Exercise details: Repeat the records below word for word, but start at the line that contains "Danbury,CT Nomal School", stop after the last line, and include nothing else.

[Web page caption snippets]
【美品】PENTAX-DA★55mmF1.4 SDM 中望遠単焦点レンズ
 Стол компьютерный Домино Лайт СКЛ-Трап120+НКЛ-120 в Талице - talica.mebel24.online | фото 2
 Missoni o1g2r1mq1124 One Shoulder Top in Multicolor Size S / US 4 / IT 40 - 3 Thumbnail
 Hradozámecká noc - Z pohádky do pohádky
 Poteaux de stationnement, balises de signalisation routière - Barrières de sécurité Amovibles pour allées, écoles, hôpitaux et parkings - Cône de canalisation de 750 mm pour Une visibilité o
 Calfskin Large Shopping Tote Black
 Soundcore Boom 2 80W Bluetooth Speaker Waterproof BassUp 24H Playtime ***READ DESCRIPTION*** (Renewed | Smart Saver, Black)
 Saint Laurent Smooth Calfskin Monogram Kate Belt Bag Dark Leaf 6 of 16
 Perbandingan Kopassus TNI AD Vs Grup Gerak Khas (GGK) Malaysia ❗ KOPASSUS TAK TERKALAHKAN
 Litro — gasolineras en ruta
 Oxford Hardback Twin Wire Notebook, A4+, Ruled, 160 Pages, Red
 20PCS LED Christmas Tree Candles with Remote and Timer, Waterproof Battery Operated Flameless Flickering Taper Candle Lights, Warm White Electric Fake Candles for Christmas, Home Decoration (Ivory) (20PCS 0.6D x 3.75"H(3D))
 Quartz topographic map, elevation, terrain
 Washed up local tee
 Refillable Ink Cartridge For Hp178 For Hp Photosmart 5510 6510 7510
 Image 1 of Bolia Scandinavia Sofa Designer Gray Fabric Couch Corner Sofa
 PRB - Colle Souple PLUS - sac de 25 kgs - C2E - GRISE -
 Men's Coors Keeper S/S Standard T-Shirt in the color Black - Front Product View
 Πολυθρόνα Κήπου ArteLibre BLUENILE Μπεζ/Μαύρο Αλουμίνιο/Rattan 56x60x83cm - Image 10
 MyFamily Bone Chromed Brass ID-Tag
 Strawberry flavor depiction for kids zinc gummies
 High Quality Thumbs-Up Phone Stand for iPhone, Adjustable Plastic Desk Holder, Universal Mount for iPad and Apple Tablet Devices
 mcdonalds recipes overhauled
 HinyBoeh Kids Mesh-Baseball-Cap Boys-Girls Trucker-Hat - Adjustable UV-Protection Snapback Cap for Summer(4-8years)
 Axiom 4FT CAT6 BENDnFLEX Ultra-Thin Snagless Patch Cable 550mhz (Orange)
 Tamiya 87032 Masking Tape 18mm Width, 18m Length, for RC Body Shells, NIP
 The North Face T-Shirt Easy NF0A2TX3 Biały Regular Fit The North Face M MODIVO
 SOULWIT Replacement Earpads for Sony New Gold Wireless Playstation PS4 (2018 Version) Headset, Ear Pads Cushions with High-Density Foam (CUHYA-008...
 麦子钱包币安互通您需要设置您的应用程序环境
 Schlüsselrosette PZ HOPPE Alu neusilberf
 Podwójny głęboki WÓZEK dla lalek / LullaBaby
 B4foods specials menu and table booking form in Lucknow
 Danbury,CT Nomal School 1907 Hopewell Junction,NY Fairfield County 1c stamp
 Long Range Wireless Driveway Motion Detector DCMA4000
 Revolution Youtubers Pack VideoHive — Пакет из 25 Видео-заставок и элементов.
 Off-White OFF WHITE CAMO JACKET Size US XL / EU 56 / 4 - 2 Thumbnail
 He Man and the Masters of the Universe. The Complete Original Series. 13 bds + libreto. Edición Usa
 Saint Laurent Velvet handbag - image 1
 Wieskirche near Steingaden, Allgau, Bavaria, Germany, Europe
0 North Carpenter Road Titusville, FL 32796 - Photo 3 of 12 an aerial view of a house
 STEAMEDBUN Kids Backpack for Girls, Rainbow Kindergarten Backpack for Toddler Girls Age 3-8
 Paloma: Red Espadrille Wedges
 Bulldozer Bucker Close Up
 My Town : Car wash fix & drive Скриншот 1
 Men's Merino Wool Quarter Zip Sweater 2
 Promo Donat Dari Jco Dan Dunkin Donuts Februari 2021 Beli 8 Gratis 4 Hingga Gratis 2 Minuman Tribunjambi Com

Answer to this task:
 Danbury,CT Nomal School 1907 Hopewell Junction,NY Fairfield County 1c stamp
 Long Range Wireless Driveway Motion Detector DCMA4000
 Revolution Youtubers Pack VideoHive — Пакет из 25 Видео-заставок и элементов.
 Off-White OFF WHITE CAMO JACKET Size US XL / EU 56 / 4 - 2 Thumbnail
 He Man and the Masters of the Universe. The Complete Original Series. 13 bds + libreto. Edición Usa
 Saint Laurent Velvet handbag - image 1
 Wieskirche near Steingaden, Allgau, Bavaria, Germany, Europe
0 North Carpenter Road Titusville, FL 32796 - Photo 3 of 12 an aerial view of a house
 STEAMEDBUN Kids Backpack for Girls, Rainbow Kindergarten Backpack for Toddler Girls Age 3-8
 Paloma: Red Espadrille Wedges
 Bulldozer Bucker Close Up
 My Town : Car wash fix & drive Скриншот 1
 Men's Merino Wool Quarter Zip Sweater 2
 Promo Donat Dari Jco Dan Dunkin Donuts Februari 2021 Beli 8 Gratis 4 Hingga Gratis 2 Minuman Tribunjambi Com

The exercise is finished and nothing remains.